──────── GIVEN DATA ────────
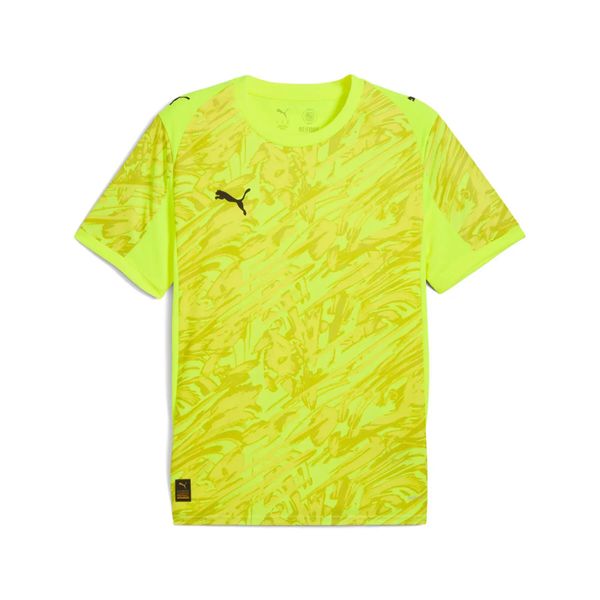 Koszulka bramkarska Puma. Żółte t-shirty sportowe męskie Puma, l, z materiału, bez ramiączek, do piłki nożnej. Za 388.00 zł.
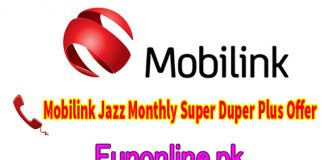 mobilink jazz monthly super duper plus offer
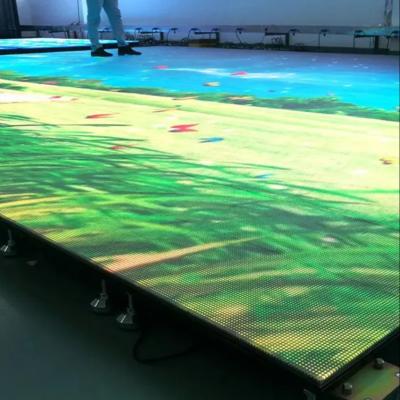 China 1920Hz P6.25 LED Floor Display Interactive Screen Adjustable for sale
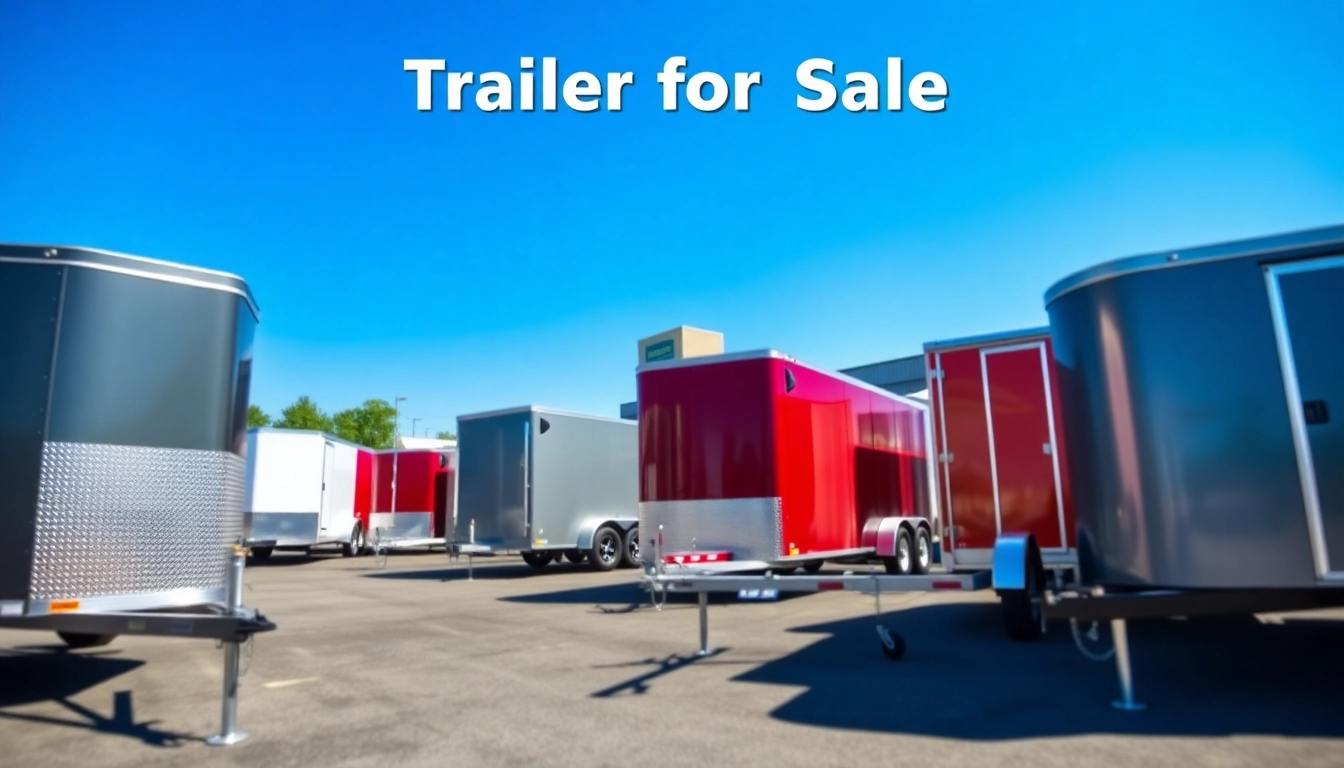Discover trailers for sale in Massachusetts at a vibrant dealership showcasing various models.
────────
■ **ABOUT THIS EXERCISE**
The response must match the listing exactly, except that pictures are removed.

■ **TASK SOLUTION**
 Koszulka bramkarska Puma. Żółte t-shirty sportowe męskie Puma, l, z materiału, bez ramiączek, do piłki nożnej. Za 388.00 zł.
 mobilink jazz monthly super duper plus offer
 China 1920Hz P6.25 LED Floor Display Interactive Screen Adjustable for sale
Discover trailers for sale in Massachusetts at a vibrant dealership showcasing various models.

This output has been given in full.